'''

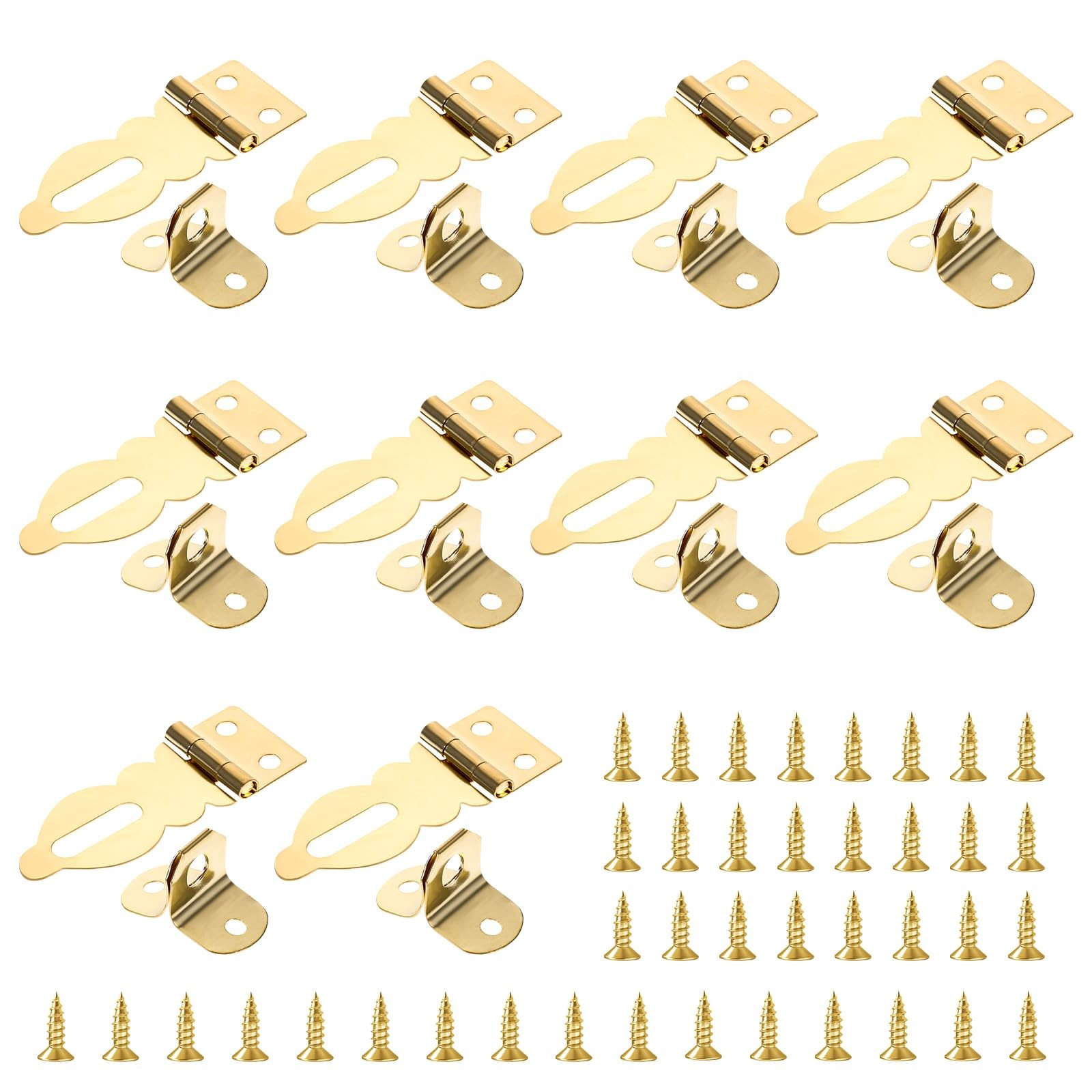 10 Pcs Mini Padlock Hasp Decorative Hasps Gold Metal Latch with Screws for...
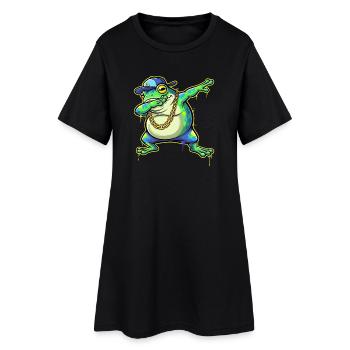 Grenouille de la rue verte avec un tamponnage en chaîne dorée - Robe T-shirt Femme - noir - Devant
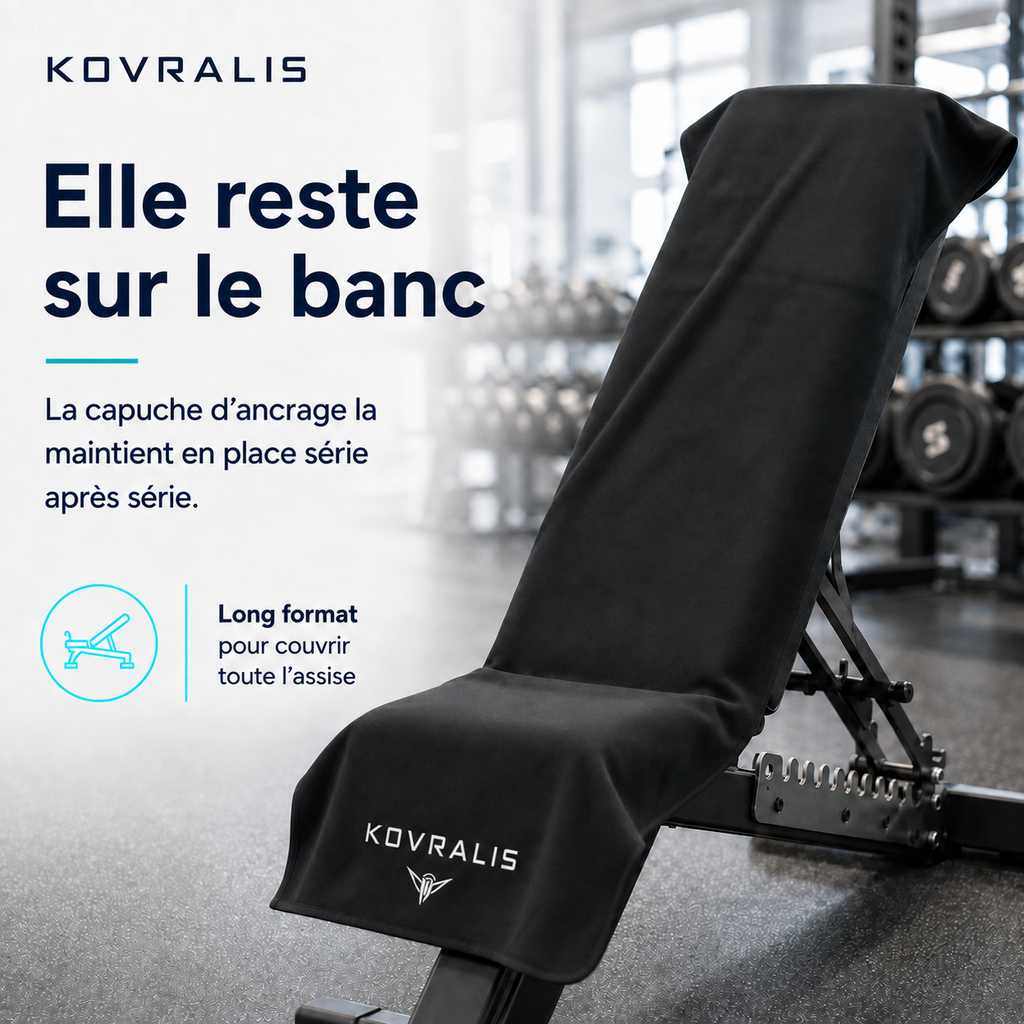 Serviette Kovralis pliée, capuche d'ancrage et poche zippée visibles
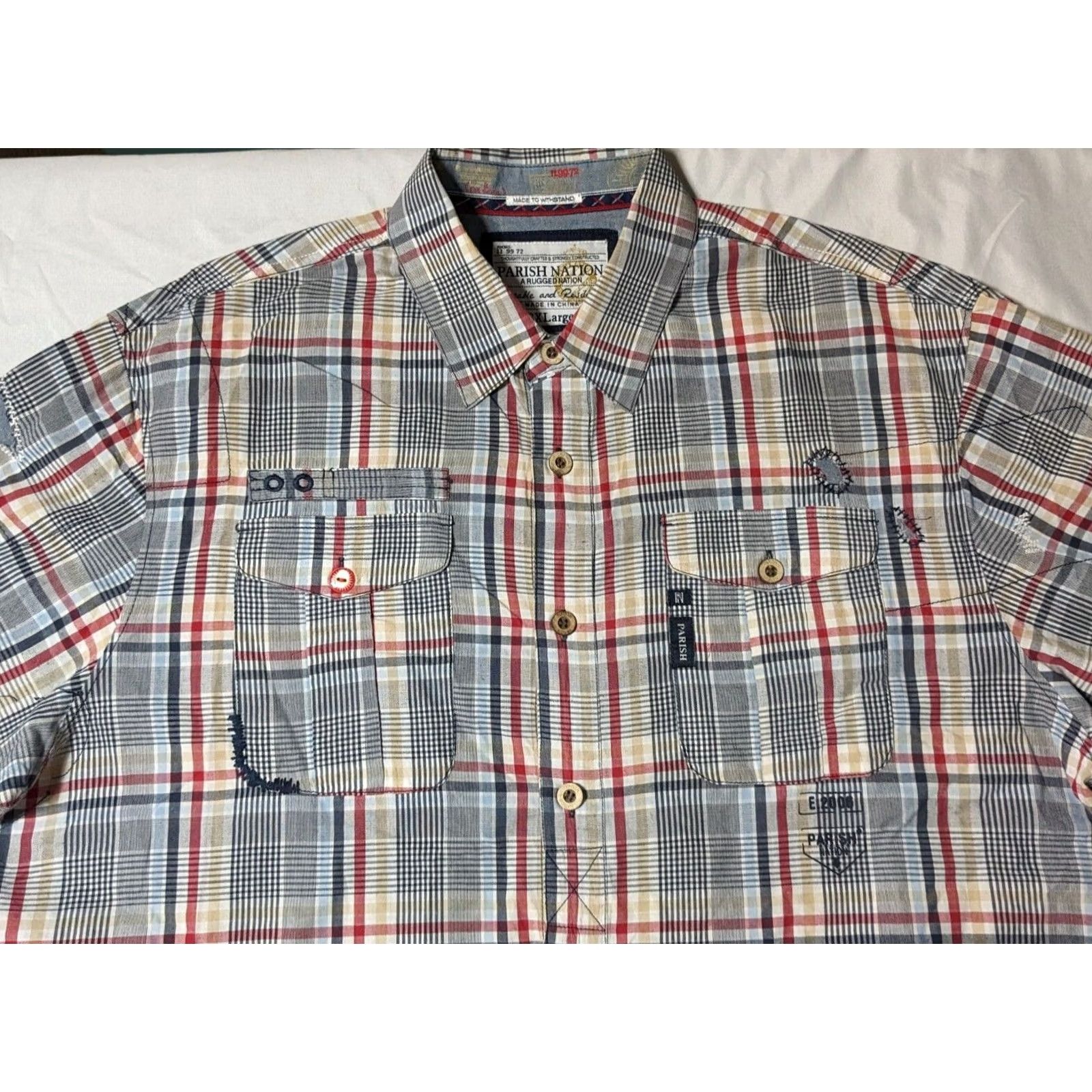 Vintage PARISH NATION Standing Strong Men 3XL Blue Plaid Embellished Shirt Size US XXL / EU 58 / 5 - 5 Thumbnail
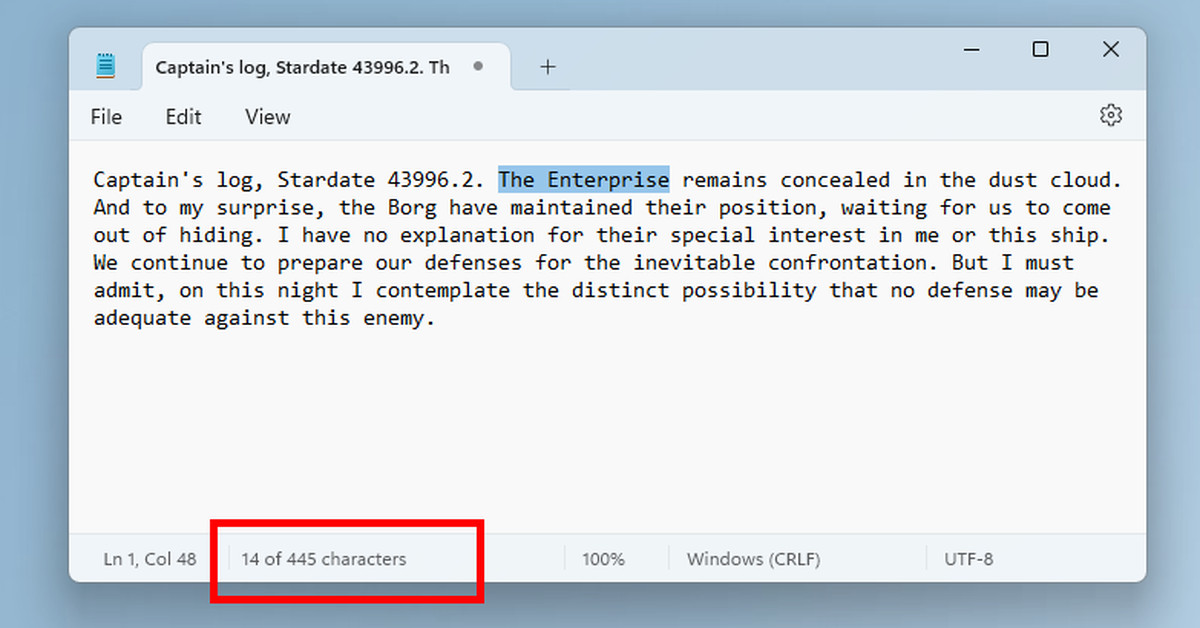 Notepad on Windows 11 is finally getting a character count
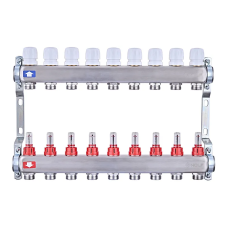 Коллекторный блок с расходомерами Nolf NF.2100-09S 1"x9 (корпус нержавеющая сталь)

'''

### Your goal
Could you repeat the listing above exactly, omitting its pictures?

### Result for this exercise
 10 Pcs Mini Padlock Hasp Decorative Hasps Gold Metal Latch with Screws for...
 Grenouille de la rue verte avec un tamponnage en chaîne dorée - Robe T-shirt Femme - noir - Devant
 Serviette Kovralis pliée, capuche d'ancrage et poche zippée visibles
 Vintage PARISH NATION Standing Strong Men 3XL Blue Plaid Embellished Shirt Size US XXL / EU 58 / 5 - 5 Thumbnail
 Notepad on Windows 11 is finally getting a character count
 Коллекторный блок с расходомерами Nolf NF.2100-09S 1"x9 (корпус нержавеющая сталь)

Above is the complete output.